Он был пленен ею с первой же встречи.
Всю жизнь втайне он любил ее.
П. Мериме
Когда не было денег на папиросы, он покупал махорку. На восьмушку Дунаевской полукрупки, коробок спичек и книжечку курительной бумаги требовался пятачок. Но сегодня не было у него ни копейки. Хотелось есть и курить – сперва курить, потом есть. Шел шестой час вечера, друзья и знакомые собирались обедать, можно было бы зайти к одному, другому, поесть, выпить, выкурить сигару, занять денег и купить пачку «Османа».
Курить хотелось до галлюцинации. Он шел и представлял себя затягивающимся табачным дымом, он даже подносил к губам вытянутые указательный и средний пальцы правой руки, выпускал воображаемый дым изо рта и недоброжелательно посматривал на встречных, раскуривающих папиросы. Он думал: «Табак – это жизнь, воздух, это толчок к работе, а у меня нет денег на десяток самых дешевых, махорочных!»
Так мог бы начинаться рассказ о курильщике, внезапно оказавшемся без табака. Он остановился. Стал настойчиво думать о том, что должно следовать дальше. Человек хочет курить. У него нет денег, нет знакомых. Человек, кроме того, голоден. Что дальше?
По торцам набережной легко и звонко стучали копыта лошадей, запряженных в пролетки и ландо. Шумели деревья Летнего сада. Часы в крепости проиграли «Коль славен». Всех этих подробностей в рассказе может и не быть. Важен курильщик. Он идет мимо Летнего сада. Там он отыскивает уютный уголок, садится на скамью и настоятельно просит судьбу и случай послужить ему верой и правдой хотя бы на полчаса. Курильщик делает пассы, собирает толпу мальчишек. Они хохочут, но один из них вдруг заявляет:
«Дяденька! Под вашей скамейкой лежит пачка папирос! Смотрите! Она даже раскрыта! Чур, на двоих!»
Вот так. Случайность, милость неведомых сил, – кому как угодно. Папиросы найдены. Курильщик думает: «Ага! Я сижу на волшебной скамейке! Она может исполнять мои желания. А ну! Пусть придет и сядет со мною рядом красивая, молодая, богатая!»
Рассказ получил движение. А что дальше? Одну-две затяжки табачным дымом, и сознание прояснилось бы, не было бы этих задержек на узелках фабулы. Задерживаться следует только тогда, когда себе самому, автору, художнику, перестают нравиться приключения и переживания героев создаваемой истории.

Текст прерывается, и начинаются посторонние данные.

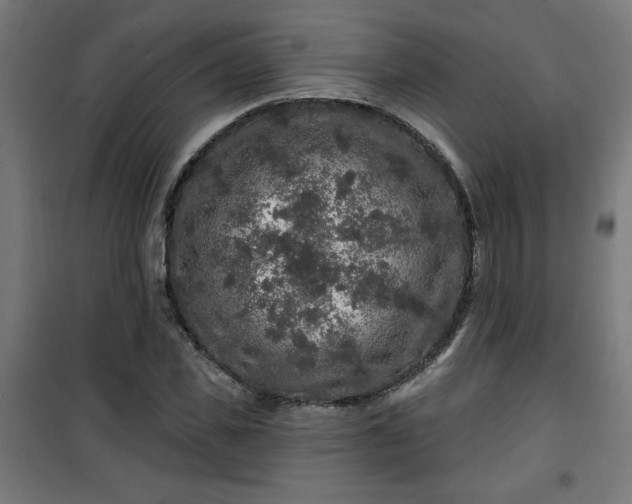 X0000100750925200807031332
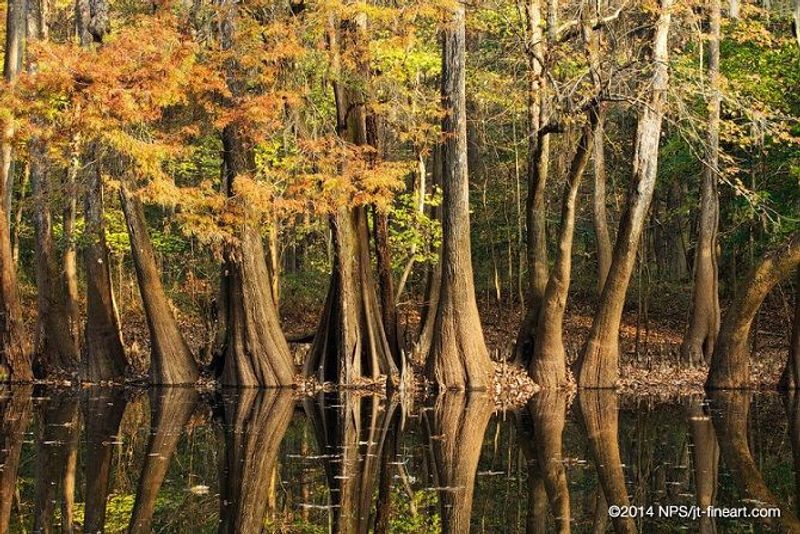 A Floodplain Ecosystem That Pulses With Every Season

В таком случае следует прекратить размышления над рассказом, положить перо и прочесть вслух главу из писем Сенеки к Люцилию или продекламировать начало «Шильонского узника».
У входа в Летний сад остановилась извозчичья пролетка, армейский капитан сунул в руку бородатого возницы деньги и спросил:
– Куришь?
– Курю, ваше благородие!
– А ты этакие курил?
И с хохотом протянул извозчику коробку невероятно длинных, толстых папирос. Извозчик взял одну я держал ее как свечу ценою в двугривенный. Капитан продолжал хохотать:
– А ты ее в рот, братец! Закури! Посмотрю, как это выглядит, черт возьми! Шесть вершков в длину! Сантиметр в диаметре!

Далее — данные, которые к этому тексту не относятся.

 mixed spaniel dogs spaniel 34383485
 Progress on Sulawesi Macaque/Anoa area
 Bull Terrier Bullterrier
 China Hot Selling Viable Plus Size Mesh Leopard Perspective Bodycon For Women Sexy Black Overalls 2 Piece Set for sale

Может быть, отсюда взять что-нибудь для рассказа? Вот этого армейского капитана, чудака и доброго малого. Он плохой служака, пишет стихи, страдает пороком сердца, жена его живет у тетки в Новгороде. Что дальше? Ха-ха! Извозчик закуривает папиросищу. Лошадь оборачивается, взглядывает на хозяина, заливисто ржет, и в лошадином вопле – тоска и ужас.
Можно было бы подойти к армейскому капитану и вежливо попросить у него папиросу. Вот эту самую – длинную, драгоценную, она называется «Голиаф» и продается в магазине Режи на Невском. Шестьдесят копеек десять штук. Снять шляпу и произнести:
«Господин капитан! Я русский писатель Грин, А.С. Если знаете, если читали – сердечное спасибо. Если слышите впервые – вам же лучше: впереди много приятных часов. Разрешите попросить у вас одну папиросищу, – я любитель диковинок».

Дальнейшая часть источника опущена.